Nancy Roob is Founder and Executive Chair of Blue Meridian Partners.
As Executive Chair, Nancy oversees Blue Meridian’s board and advances the organization’s capital aggregation and strategic business development priorities in partnership with CEO Jim Shelton and the Board of Directors.
Nancy founded and served as CEO of Blue Meridian Partners from its start-up in 2016 until March 2025. Under Nancy’s leadership, Blue Meridian has become one of the largest philanthropic intermediaries advancing economic and social mobility in the United States. Its innovative partnership approach – bringing philanthropists together to aggregate resources, share risk, and achieve greater impact – has become a widely studied model for collaborative philanthropy.
Previously, Nancy was President and CEO of The Edna McConnell Clark Foundation (EMCF), where she played a major role in developing and implementing a grantmaking strategy of large, long-term investments in building the organizational capacity and evidence base of nonprofits whose programs have the potential to lift the life prospects of greater numbers of America’s most disadvantaged youth.
She also pioneered a form of coordinated, collaborative investment, called growth capital aggregation, which in eight years leveraged $155 million of EMCF’s funds to help 16 grantees secure nearly $487 million in additional private and public funding. The lessons from this work led to the launch of Blue Meridian Partners in 2016, opening a new chapter in the evolution of this investment approach. (Nancy Roob and Chairman Stan Druckenmiller discussed Blue Meridian Partners in the Nonprofit Quarterly.) In 2017, Nancy spoke to TedX about her hope that Blue Meridian’s performance-based investments of up to $200 million will revolutionize giving and create “a new normal” for philanthropy.
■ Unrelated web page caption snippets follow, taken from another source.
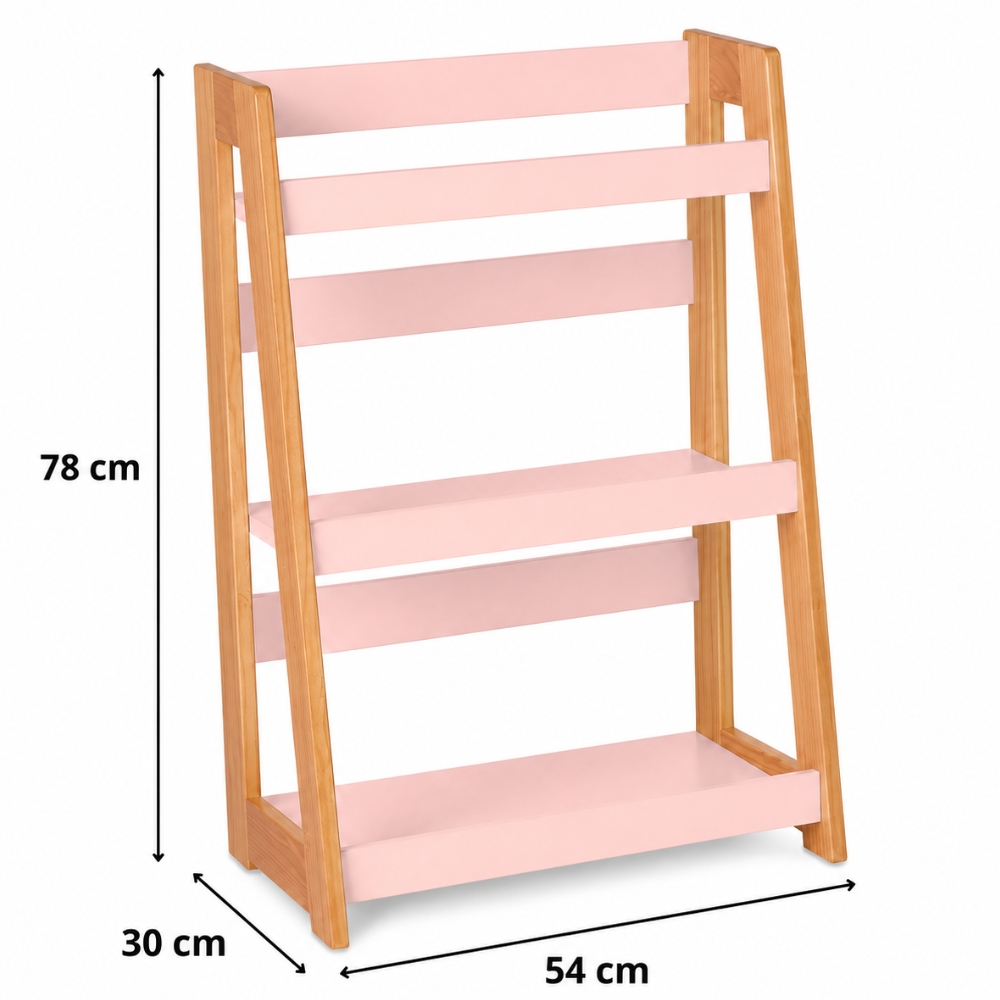 Estante Porta Livros de Chão Rosa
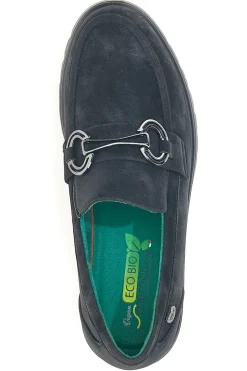 Mocassini neri vegan effetto scamosciato con catena J535576-ECO BIO Clearance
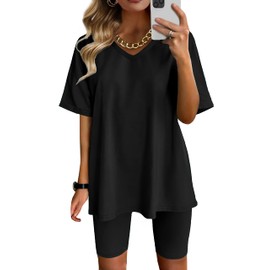 AGSEEM Two Piece Outfits For Women Summer Solid Color T-Shirt And Biker Shorts Set Black S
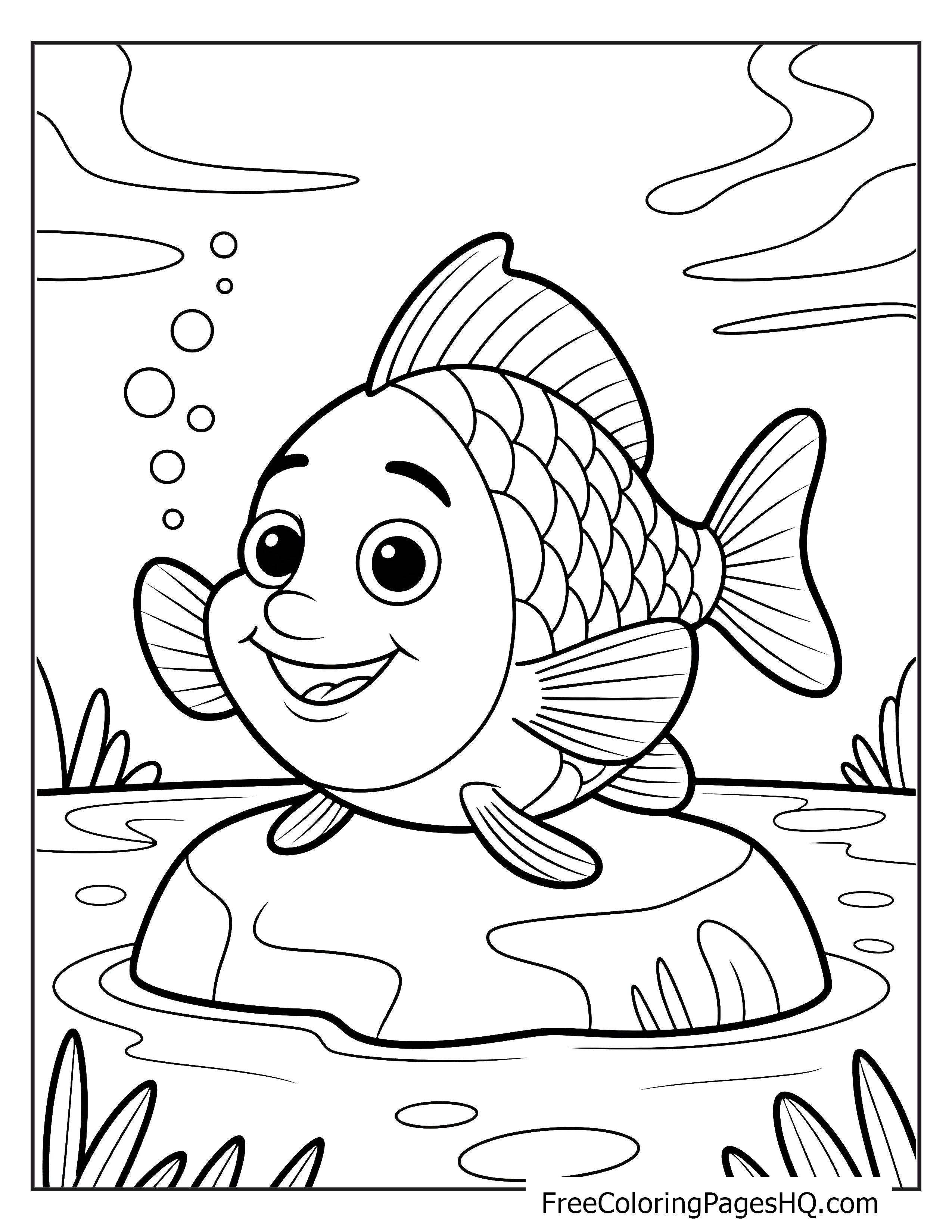 Smiling fish sitting on a rock in water.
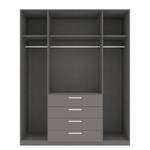 Armoire à portes battantes Skøp II Graphite - 181 x 236 cm - 4 portes - Basic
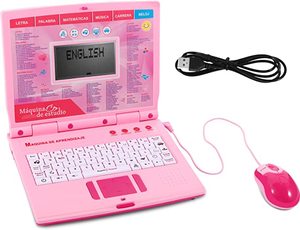 Elektrische Lernmaschine Laptop Englisch Spanisch 130 Funktionen Lernen Lernspiel zeug Computer Mit Ladegerät Maus Für Kinder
In 2021, Forbes included Nancy in its list of 50 women over the age of 50 who are forging a more innovative and inclusive financial future.
Before becoming EMCF President in 2005, Nancy was Vice President and Chief Operating Officer. Before that, she developed EMCF’s Program for New York Neighborhoods, which launched community-building and neighborhood-stabilization projects in the South Bronx and Central Harlem. One of the projects this program supported evolved into the Harlem Children’s Zone, whose success has inspired legislation to create “Promise Neighborhoods” throughout the nation.
Before she joined EMCF, Nancy worked for the Boston Persistent Poverty Project, a program of the Rockefeller and Boston foundations; the Fund for the Homeless, a project of the Boston Foundation; and the Child Care Resource and Referral Center, also in Boston.
Nancy is a graduate and trustee of Hamilton College and holds a master’s degree in public administration from Harvard’s Kennedy School of Government.